Startup logbook – v0.2 – distributed Clojure system in production
Posted by Amit Rathore on May 2, 2009
This past weekend, we pushed another major release into production. We’ve been working on several things and have made a few pushes since the last time I wrote about this – but this release has a bunch of interesting Clojure related stuff.
The main thing of note is that the majority of our back-end is now written in Clojure. You might recall that our online-merchant customers send us a lot of data, and we run a ton of analytics on that data. Our initial plans involved Ruby, but as we started using Clojure, it turned out that it is very well suited for this job as well (long running, message-driven processes that crunch numbers).
The raw data sits in HBase, and every night a “master” process starts up which kicks-off the processing of the previous day’s worth of data. The job of this master is only to coordinate the work (it doesn’t actually do any real work), it does this by breaking work into chunks and dispatching messages that each assign work to any worker process that picks it up. The master is single threaded for simplicity, but failure tolerant – it checkpoints everything in a local MySQL database, and if it crashes, it is automatically re-spawned and it recovers from where it left off.
An elastic cloud of worker processes run in anticipation of the master handing out this work. The worker processes use the MySQL database to keep track of their progress as well. The rest is rather domain-specific. We use intermediate representations of the raw data, which is also stored in HBase, before finally storing the summarized version again in HBase.

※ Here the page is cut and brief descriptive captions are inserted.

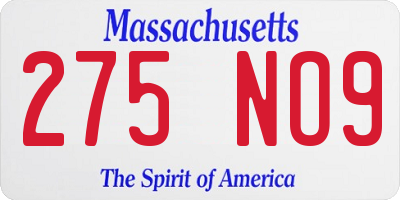 MA license plate 275NO9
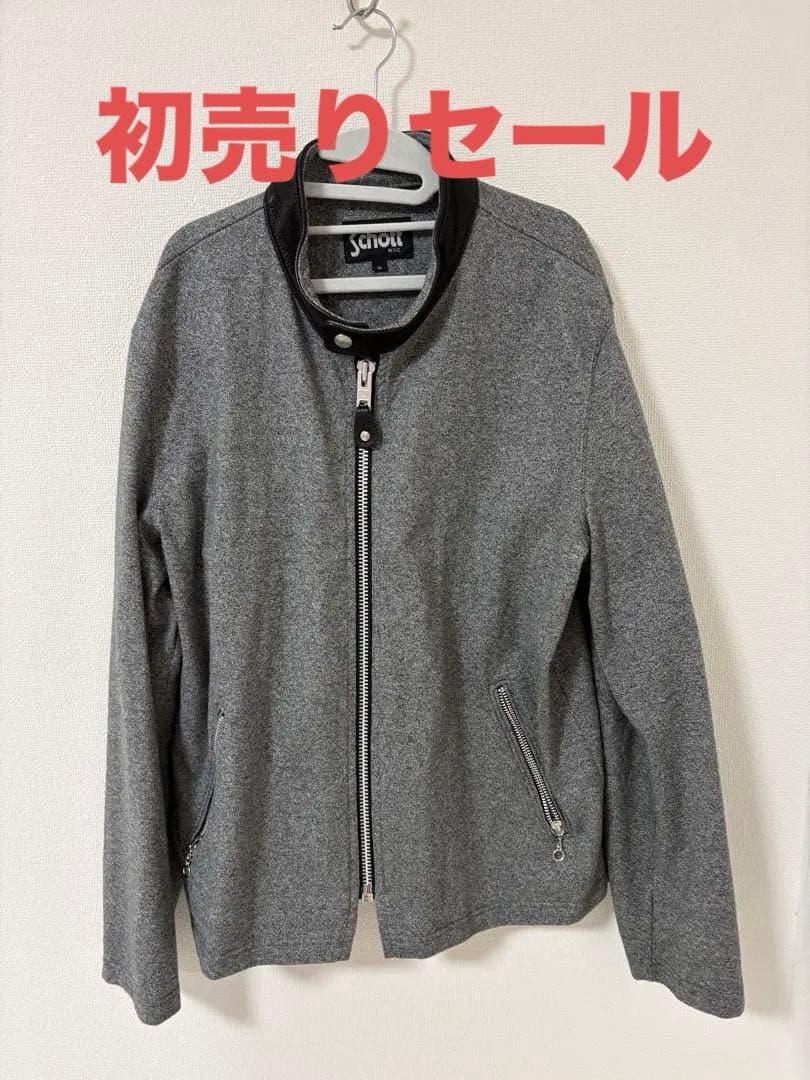 【美品】Schott シングルライダースジャケット　グレー ジャケット XL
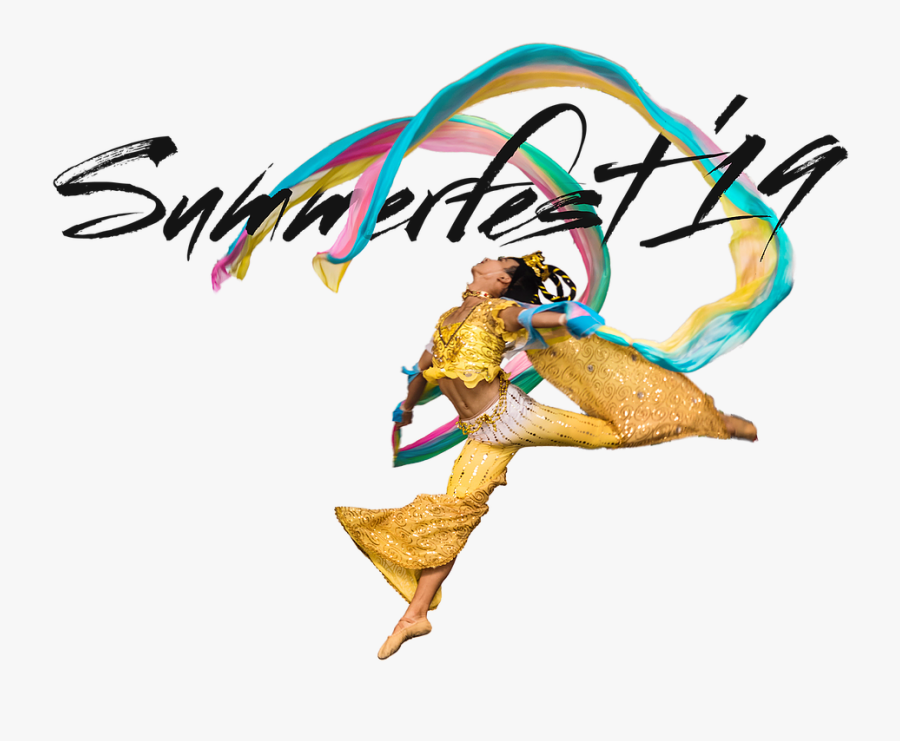 Taiwanese Dancer In Costume Leaping With Rainbow Ribbons - 14 Anos, Transparent Clipart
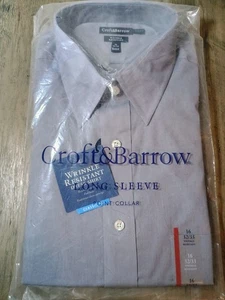 Croft & Barrow - Camisa de vestir resistente a las arrugas cuello punta LS - Gris - 16-32-33 - Imagen 1 de 5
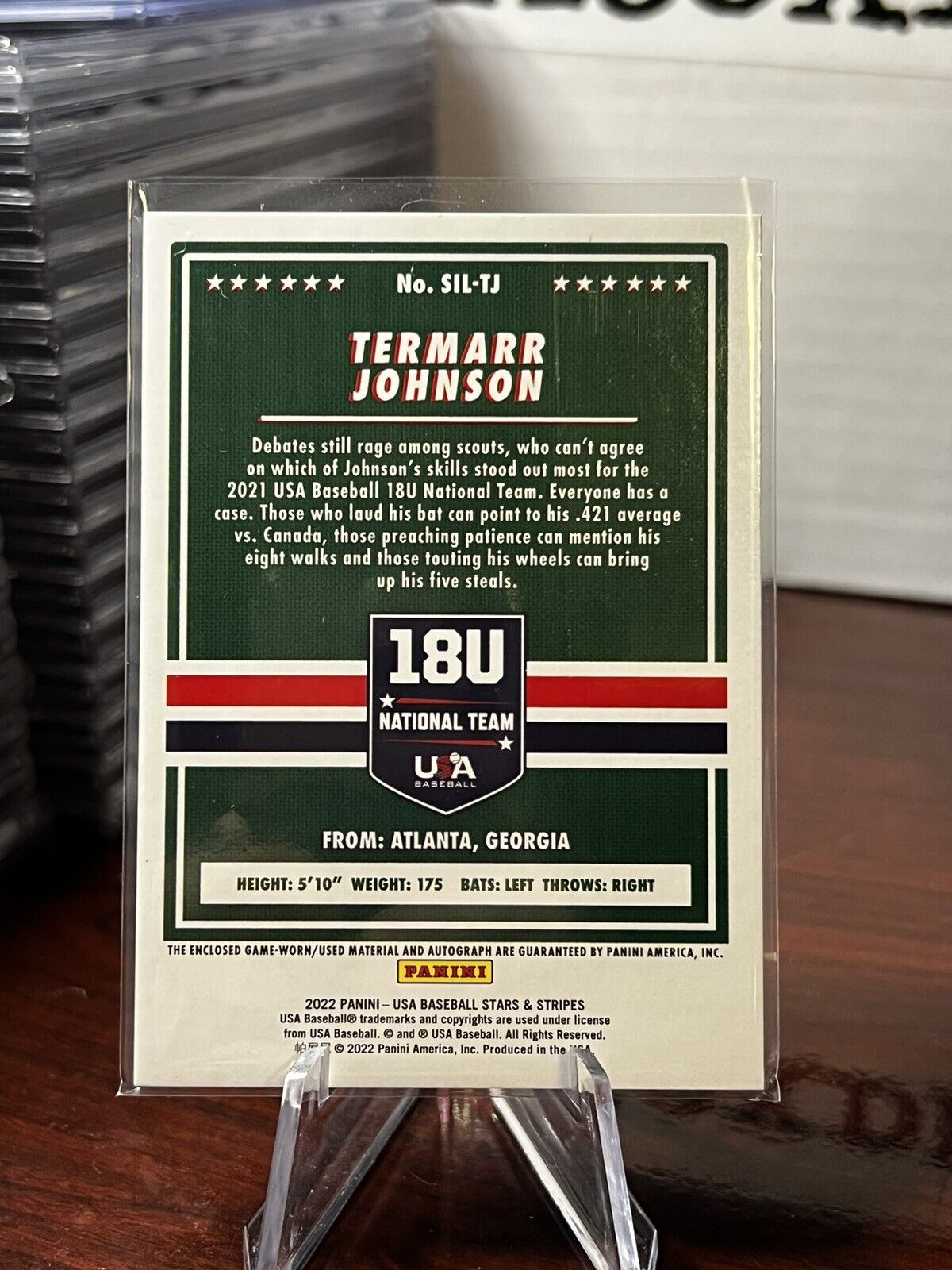 2022 PANINI STARS & STRIPES USA TERMARR JOHNSON JERSEY AUTO #159/250 PIRATES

We use an in-house distributed-programming framework called Swarmiji to make such distributed programs very easy to write and run. Swarmiji implements a flavor of staged event-driven architecture (SEDA) to allow server processes that exhibit scalable, predictable throughput. This is especially true in the face of over-load, which we can certainly expect in our environment.
The reason I wrote this framework was that I wanted to create distributed, parallel programs which exploited large numbers of machines (like in a data-center) – without being limited by clojure’s in-JVM-threads-based model. So each worker process in Swarmiji gets deployed as a shared-nothing JVM process.
I will write up a post introducing Swarmiji in the next few weeks – once its a bit more battle-tested, and I’ve added a few more features (mainly around process management).